In a Thursday filing in California federal court, consumers took issue with AT&T’s motion asking for judicial notice of media reports — which the telecom company allegedly used to argue that customers should have known about the company’s data throttling by late 2011 or early 2012. The consumers, on the other hand, claimed they were not made aware of AT&T’s throttling until mid-2015.
“Plaintiffs’ knowledge is plainly a disputed fact, and neither their knowledge, nor the introduction of materials that are presented, dubiously, to try to incorrectly imply that plaintiffs knew earlier, are appropriate for resolution on a motion to dismiss, and not appropriate for judicial notice or a request for incorporation by reference,” the response said.
Consumers also took issue with a request for judicial notice of two monthly invoices and 41 text messages allegedly sent to them by AT&T, after their complaint used one bill statement and three texts to accuse the company of not properly disclosing its data reduction practices to customers.

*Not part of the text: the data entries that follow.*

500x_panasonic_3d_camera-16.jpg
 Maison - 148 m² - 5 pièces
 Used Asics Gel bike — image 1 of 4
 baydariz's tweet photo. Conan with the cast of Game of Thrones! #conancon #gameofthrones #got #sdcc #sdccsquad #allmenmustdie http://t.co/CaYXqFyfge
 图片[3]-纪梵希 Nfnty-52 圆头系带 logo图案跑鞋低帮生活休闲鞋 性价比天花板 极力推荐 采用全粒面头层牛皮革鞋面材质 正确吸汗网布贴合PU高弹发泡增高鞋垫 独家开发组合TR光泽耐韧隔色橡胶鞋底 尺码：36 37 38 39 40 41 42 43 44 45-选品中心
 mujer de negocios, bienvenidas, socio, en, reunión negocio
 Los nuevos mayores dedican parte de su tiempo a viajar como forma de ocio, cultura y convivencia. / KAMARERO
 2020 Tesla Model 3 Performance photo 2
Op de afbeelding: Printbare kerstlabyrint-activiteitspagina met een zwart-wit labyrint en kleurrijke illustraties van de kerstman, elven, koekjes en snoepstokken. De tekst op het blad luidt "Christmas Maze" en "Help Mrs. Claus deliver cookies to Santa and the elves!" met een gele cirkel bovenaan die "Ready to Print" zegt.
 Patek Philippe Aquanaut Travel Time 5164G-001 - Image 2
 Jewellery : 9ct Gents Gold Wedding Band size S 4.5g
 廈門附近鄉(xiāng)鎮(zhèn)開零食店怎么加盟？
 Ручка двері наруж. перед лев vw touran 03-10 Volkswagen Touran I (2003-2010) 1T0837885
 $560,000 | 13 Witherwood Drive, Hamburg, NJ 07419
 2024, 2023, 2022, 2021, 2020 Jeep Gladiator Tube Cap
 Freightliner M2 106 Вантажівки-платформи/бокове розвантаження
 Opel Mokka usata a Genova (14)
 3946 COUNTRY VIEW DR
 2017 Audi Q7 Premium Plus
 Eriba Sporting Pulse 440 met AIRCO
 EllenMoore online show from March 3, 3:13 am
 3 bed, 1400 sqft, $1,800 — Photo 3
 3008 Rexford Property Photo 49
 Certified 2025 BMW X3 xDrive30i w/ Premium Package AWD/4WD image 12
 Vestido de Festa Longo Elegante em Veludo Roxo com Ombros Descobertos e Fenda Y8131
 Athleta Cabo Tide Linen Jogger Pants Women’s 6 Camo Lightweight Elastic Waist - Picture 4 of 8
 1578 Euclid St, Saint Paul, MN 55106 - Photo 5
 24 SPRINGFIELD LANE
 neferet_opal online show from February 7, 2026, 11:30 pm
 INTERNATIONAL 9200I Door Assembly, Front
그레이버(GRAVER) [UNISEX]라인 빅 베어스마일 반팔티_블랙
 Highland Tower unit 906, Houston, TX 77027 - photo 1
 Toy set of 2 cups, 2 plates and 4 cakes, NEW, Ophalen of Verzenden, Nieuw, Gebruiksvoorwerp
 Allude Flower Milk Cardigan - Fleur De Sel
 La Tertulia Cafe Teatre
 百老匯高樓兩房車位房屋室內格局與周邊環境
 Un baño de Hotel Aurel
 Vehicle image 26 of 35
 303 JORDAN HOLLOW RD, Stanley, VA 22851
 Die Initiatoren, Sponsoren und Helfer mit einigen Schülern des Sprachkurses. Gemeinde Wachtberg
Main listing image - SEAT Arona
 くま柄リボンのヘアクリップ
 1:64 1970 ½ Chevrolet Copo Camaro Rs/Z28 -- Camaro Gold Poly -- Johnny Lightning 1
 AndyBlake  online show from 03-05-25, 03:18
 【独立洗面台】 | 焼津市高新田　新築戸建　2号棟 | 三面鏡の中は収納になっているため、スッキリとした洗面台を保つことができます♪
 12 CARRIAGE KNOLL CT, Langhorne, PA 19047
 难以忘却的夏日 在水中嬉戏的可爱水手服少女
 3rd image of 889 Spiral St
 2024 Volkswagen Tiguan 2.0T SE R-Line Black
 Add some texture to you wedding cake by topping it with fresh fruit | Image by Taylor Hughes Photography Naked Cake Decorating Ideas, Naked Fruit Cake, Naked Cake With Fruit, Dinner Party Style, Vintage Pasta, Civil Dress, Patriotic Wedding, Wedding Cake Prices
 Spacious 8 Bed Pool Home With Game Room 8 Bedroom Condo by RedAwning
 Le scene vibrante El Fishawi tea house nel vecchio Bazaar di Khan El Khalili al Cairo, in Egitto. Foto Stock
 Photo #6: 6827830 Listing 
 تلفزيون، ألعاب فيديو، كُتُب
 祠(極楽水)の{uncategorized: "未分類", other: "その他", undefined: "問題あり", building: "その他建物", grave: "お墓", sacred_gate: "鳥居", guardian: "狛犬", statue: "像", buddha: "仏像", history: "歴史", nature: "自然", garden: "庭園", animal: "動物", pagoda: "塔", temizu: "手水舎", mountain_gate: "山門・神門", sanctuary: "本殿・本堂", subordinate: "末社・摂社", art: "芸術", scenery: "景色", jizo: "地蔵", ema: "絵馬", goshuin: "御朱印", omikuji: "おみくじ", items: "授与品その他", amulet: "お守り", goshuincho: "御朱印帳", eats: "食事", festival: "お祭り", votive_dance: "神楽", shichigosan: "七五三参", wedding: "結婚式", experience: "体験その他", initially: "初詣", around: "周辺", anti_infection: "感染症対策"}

AT&T is urging the court to accept the documents as part of its effort to convince U.S. District Judge Edward Milton Chen to dismiss the long-running case.
While AT&T said the consumers’ complaint “extensively” relied on these materials and wanted them considered in its motion to dismiss, the consumers claimed the invoices and messages up for judicial notice range “far beyond” the documents referenced in the complaint and contain disputed facts.
The response said one of the text messages received by a consumer, which allegedly referenced AT&T’s “secret data usage caps,” was “confusing to him.” According to the consumers, the court does not have the discretion to take judicial notice on materials where the document is “subject to varying interpretations.” Instead, the consumers said the parties should engage in discovery to sort through the questions.
The consumers initially filed their class action lawsuit in 2015, claiming the company promoted “unlimited” mobile data plans without properly disclosing restrictions. Just one month before the suit was filed, the Federal Communications Commissionproposed a record $100 million fine after finding that the telecom drastically reduced download speeds for customers who used a certain amount of data in a month, a process known as throttling.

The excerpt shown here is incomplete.